[Core] Rename get_max_tokens_per_item for backward compatibility (#20630)

DarkLight1337 · web-flow · commit 32dffc277206 · 2025-07-08T23:11:30.000Z
Signed-off-by: DarkLight1337 &lt;tlleungac@connect.ust.hk&gt;
diff --git a/vllm/model_executor/models/qwen2_vl.py b/vllm/model_executor/models/qwen2_vl.py
@@ -823,10 +823,11 @@ def get_image_processor(
     def get_supported_mm_limits(self) -> Mapping[str, Optional[int]]:
         return {"image": None, "video": None}
 
-    def get_max_tokens_per_item(
-            self, seq_len: int,
-            mm_counts: Mapping[str, int]) -> Optional[Mapping[str, int]]:
-
+    def get_mm_max_tokens_per_item(
+        self,
+        seq_len: int,
+        mm_counts: Mapping[str, int],
+    ) -> Mapping[str, int]:
         max_image_tokens = self.get_max_image_tokens()

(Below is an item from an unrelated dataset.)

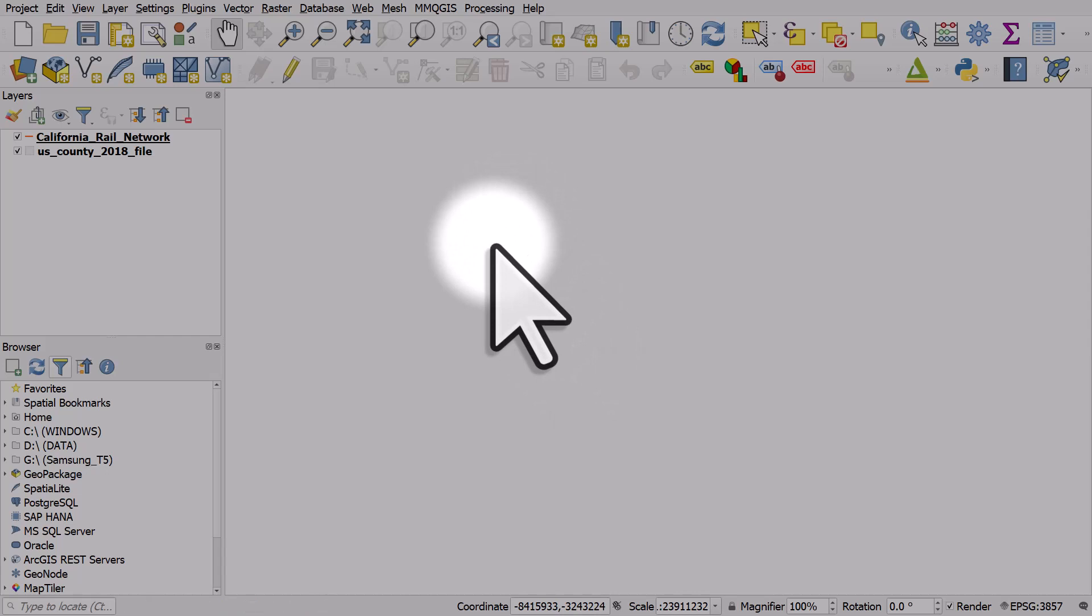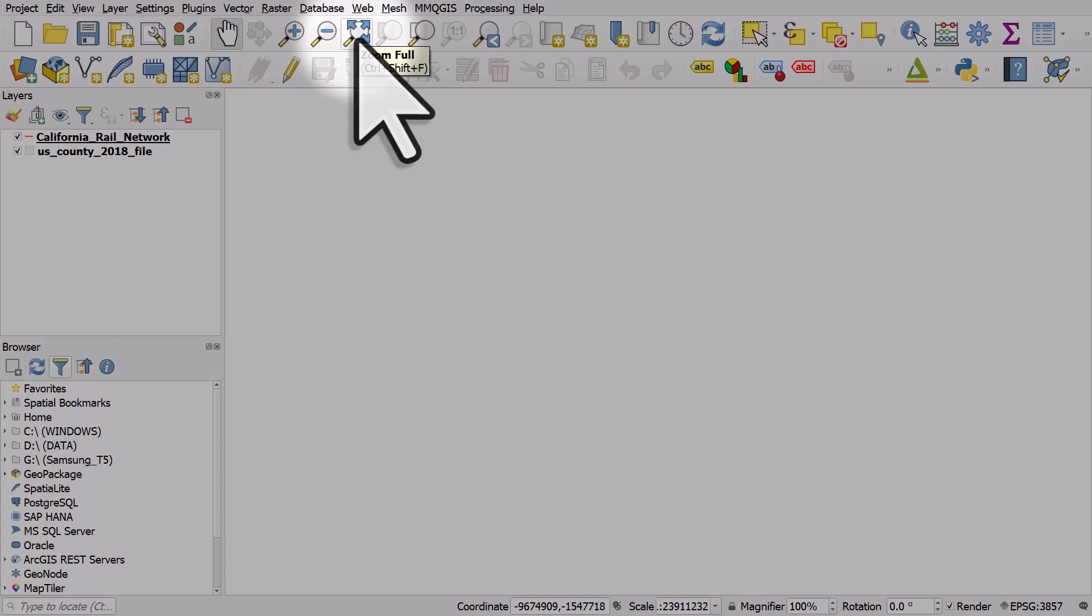If that happens and you want to go back to the full view so you can see all layers in your project, you want to click the magnifying glass with the arrows pointing out. That's the zoom full button and it resets the map view.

         max_video_tokens = self.get_max_video_tokens(seq_len, mm_counts)
         return {"image": max_image_tokens, "video": max_video_tokens}
diff --git a/vllm/multimodal/processing.py b/vllm/multimodal/processing.py
@@ -1100,24 +1100,29 @@ def get_allowed_mm_limits(self) -> Mapping[str, int]:
 
         return allowed_limits
 
-    def get_max_tokens_per_item(
-            self, seq_len: int,
-            mm_counts: Optional[Mapping[str,
-                                        int]]) -> Optional[Mapping[str, int]]:
-        """Return the maximum number of tokens per item of for each modality.
-        By default, returns `None`. When `None` is returned, vLLM will generate
-        dummy inputs (images/videos) at maximum possible sizes and process them
-        to determine the maximum token count per modality.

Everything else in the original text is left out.